Membaca semakin penting dalam kehidupan masyarakat yang semakin kompleks. Setiap aspek kehidupan melibatkan kegiatan membaca. Di samping itu, kemampuan membaca merupakan tuntutan realitas kehidupan sehari-hari manusia. Beribu judul buku dan jutaan koran diterbitkan setiap hari. Ledakan informasi ini menimbulkan tekanan pada guru untuk menyiapkan bacaan yang memuat informasi yang relevan untuk siswa-siswanya. Walaupun tidak semua informasi perlu dibaca, tetapi jenis-jenis bacaan tertentu yang sesuai dengan kebutuhan dan kepentingan patutnya perlu dibaca.

Walaupun informasi bisa ditemukan dari media lain seperti televisi dan radio, namun peran membaca tak dapat tergantikan sepenuhnya. Membaca tetap memegang peranan penting dalam kehidupan sehari-hari karena tidak semua informasi bisa didapatkan di televisi dan radio.

Melihat sangat pentingnya kemampuan membaca bagi para siswa , maka memang sangat perlulah kita selalu membudidayakan membaca di sekolah.Tetapi permasalahan yang dihadapi sekarang terutama di Indonesia, realitas membuktikan bahwa masih ada orang yang sudah duduk di bangku SMP ataupun di SMA tetapi belum terlalu mahir dalam membaca. Sebenarnya apa yang menjadikan hal tersebut ? Apakah sistem yang menjadikan hal tersebut ? Ataukah kurangnya kesadaran siswa akan pentingnya untuk mahir dalam membaca, ataukah adanya faktor psikis yang membuat siswa memiliki kemampuan yang rendah dalam membaca, faktor kemalasan misalnya.

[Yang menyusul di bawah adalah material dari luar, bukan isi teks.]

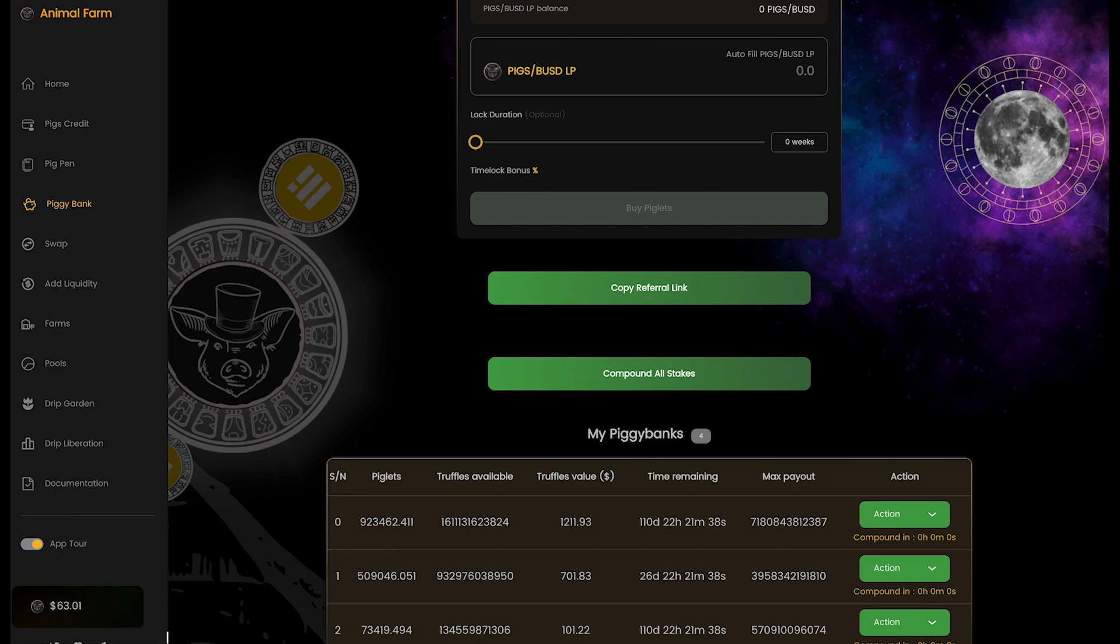Hopefully we're at the bottom now and we can find a floor here, because this is where we're going to find out which projects are true strong projects that can survive and which ones are the duds. I'm ready to start DCAing some fresh funds at these discount prices because the next run up is going to be crazy. There's not much I'm excited about right now.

Benarkah seseorang yang mempunyai sifat pemalas, lebih susah untuk mahir dalam membaca ketimbang orang yang rajin belajar? Atau apakah seseorang yang cenderung memiliki emosi yang labil lebih susah untuk mahir dalam membaca? Itu semua adalah pernyataan yang masih perlu dikaji kebenarannya.

Berkaca pada persoalan ini , maka penulis tertarik untuk melakukan sebuah penelitian mengenai penyebab rendahnya kemampuan membaca seseorang jika ditinjau dari psikologis.

A. MEMBACA
1. Pengertian dan hakikat membaca
Menurut S.J Crawley dan L Mountain (Crawley, 1995) dalam bukunya "Strategies for Guiding Content Reading", mengatakan bahwa membaca adalah suatu proses berfikir yang mencakup aktivitas pengenalan kata, pemahaman literal, interpretasi, membaca kritis, dan pemahaman kreatif. Lebih lanjut Crawley juga membahas mengenai tiga komponen dasar dalam proses membaca yakni proses recording (mengasosiasikan kata-kata atau kalimat dengan bunyi-bunyi yang sesuai dengan sistem tulisan yang digunakan), decoding (penyandian), dan meaning (pemahaman makna). Sedangkan menurut Wikipedia berbahasa Indonesia Membaca adalah suatu cara untuk mendapatkan informasi dari sesuatu yang ditulis. Membaca melibatkan pengenalan simbol yang menyusun sebuah bahasa. Membaca dan mendengar adalah dua cara paling umum untuk mendapatkan informasi. Informasi yang didapat dari membaca dapat termasuk hiburan, khususnya saat membaca cerita fiksi atau humor. Sebagian besar kegiatan membaca sebagian besar dilakukan dari kertas. Batu atau kapur di sebuah papan tulis bisa juga dibaca. Tampilan komputer dapat pula dibaca. Membaca dapat menjadi sesuatu yang dilakukan sendiri maupun dibaca keras-keras. Hal ini dapat menguntungkan pendengar lain, yang juga bisa membangun konsentrasi bagi orang yang membaca.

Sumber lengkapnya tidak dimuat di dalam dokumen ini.